In 2023, amid accelerated militarisation, the Swedish government abruptly withdrew its financial support for domestic peace organisations. Felicia Linsér examines the impact on the peace movement of democratic backsliding, marginalisation in public debate, and a diminished relationship with political leadership
'If you want peace, prepare for war' is accepted as a universal truth in many Western liberal societies. That is also the notion to which Sweden subscribed after Russia’s full-scale invasion of Ukraine in February 2022. Sweden, therefore, broke its 200-year-long non-alignment when it joined NATO, the military alliance. The country also signed a military agreement with the US, allowing it access to 17 military bases in Sweden.
Sweden’s long and rich history with civil society, particularly pacificatory organisations, has undergone significant changes since February 2022, as I document in recent research. My study draws on semi-structured interviews with seven peace organisations that vary in size and public visibility. All remain anonymous for fear of backlash. My findings reveal democratic backsliding on several fronts.

We are against NATO, we have also for decades warned about the Russian authoritarian regime and the war crimes that have been committed, so it has been demanded that something should have been done about it. Sometimes in the debate, it is as if one cannot… be against NATO without the conclusion being that you are for Putin
Anonymous representative from a Swedish peace organisation
I found similar testimonies from almost all the organisations interviewed; evidence that criticising Sweden’s military policies on Ukraine invites backlash. Despite publicly advocating for Ukrainian sovereignty and rejecting Russia’s brutal warfare, detractors claim peace organisations are simply running Putin’s errands. This clearly undermines deliberative processes.
The political sociologist Yagil Levy has outlined the necessary criteria for deliberative debate on defence and military policies. One important criterion is that dominant discourses should not impede political opposition. But the organisations I interviewed suggest that supporting Ukrainian sovereignty through military means dictates the public debate. Either you support Ukraine with military means, or you are Putin’s useful idiot.
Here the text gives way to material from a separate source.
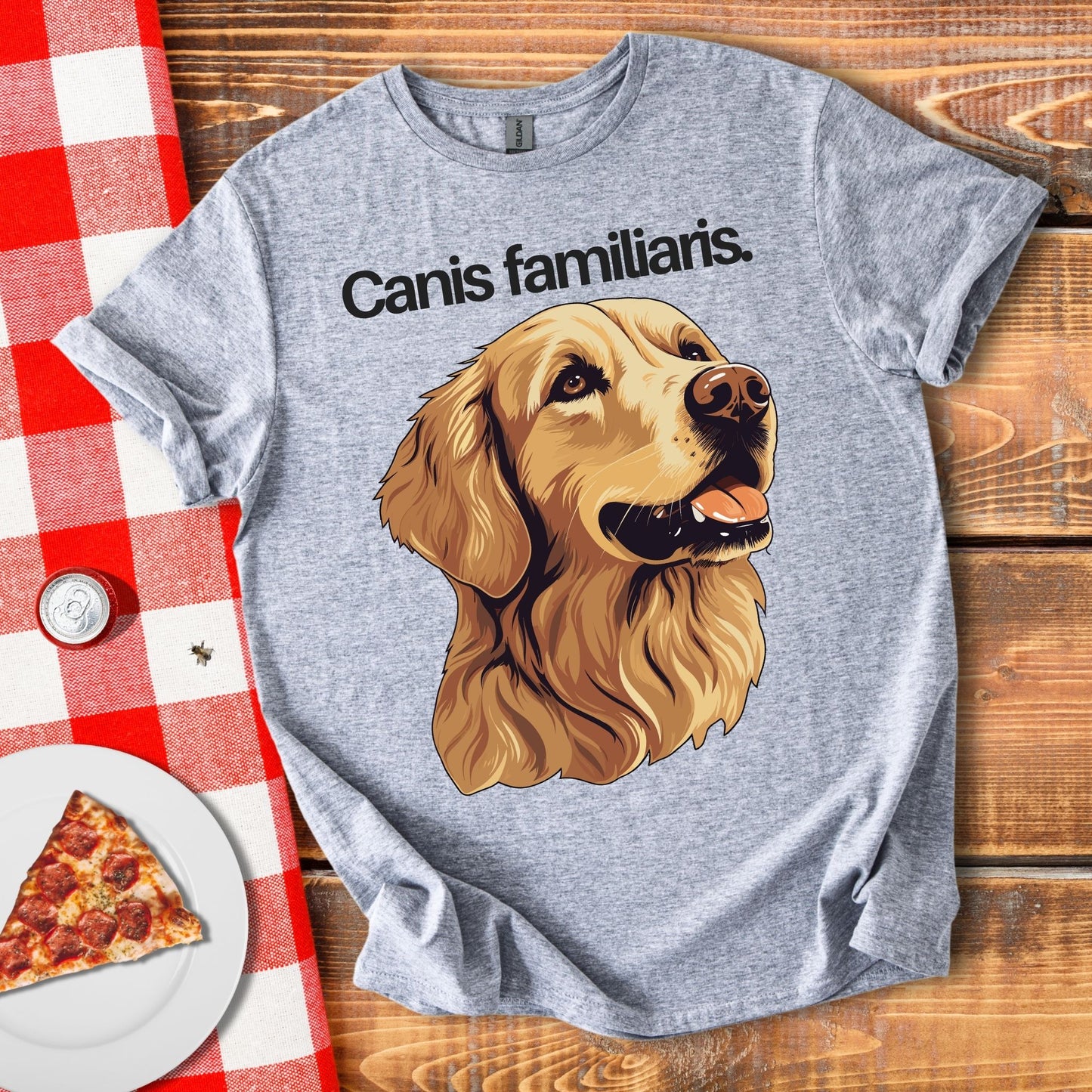 Canis Familiaris T-Shirt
If we have written one debate article, there may be criticism directed at the editorial teams for including this
Anonymous representative from a Swedish peace organisation
One more of Levy’s criteria is that alternative policies to military action must be available in public debate. Yet the organisations' testimonies portray a very different reality. Articles in mainstream media that present both sides of the debate attract public criticism. This makes media outlets reluctant to publish such content. The result is that peace organisations must rely on their own communication platforms to present their side of the debate.
Another outcome of the rapid militarisation is that television debates and media coverage are disproportionately weighted toward military solutions. The organisations cite instances in which seven or eight defence-sector representatives appeared, yet only one advocated for peace without military means. This shrunken media space indicates that mainstream media are reluctant to present alternative policies to military ones.
My research also investigates the conditions under which the withdrawal of financial support for peace organisations operates, on the premise that civil society organisations are crucial to deliberative democracy.
Mark E. Warren argues that there are three pillars by which a robust civil society contributes to a more democratic society: developmental effects, political autonomy, and institutional influence. For Sweden's peace organisations, a changed public debate climate and the withdrawal of resources have obstructed their operations.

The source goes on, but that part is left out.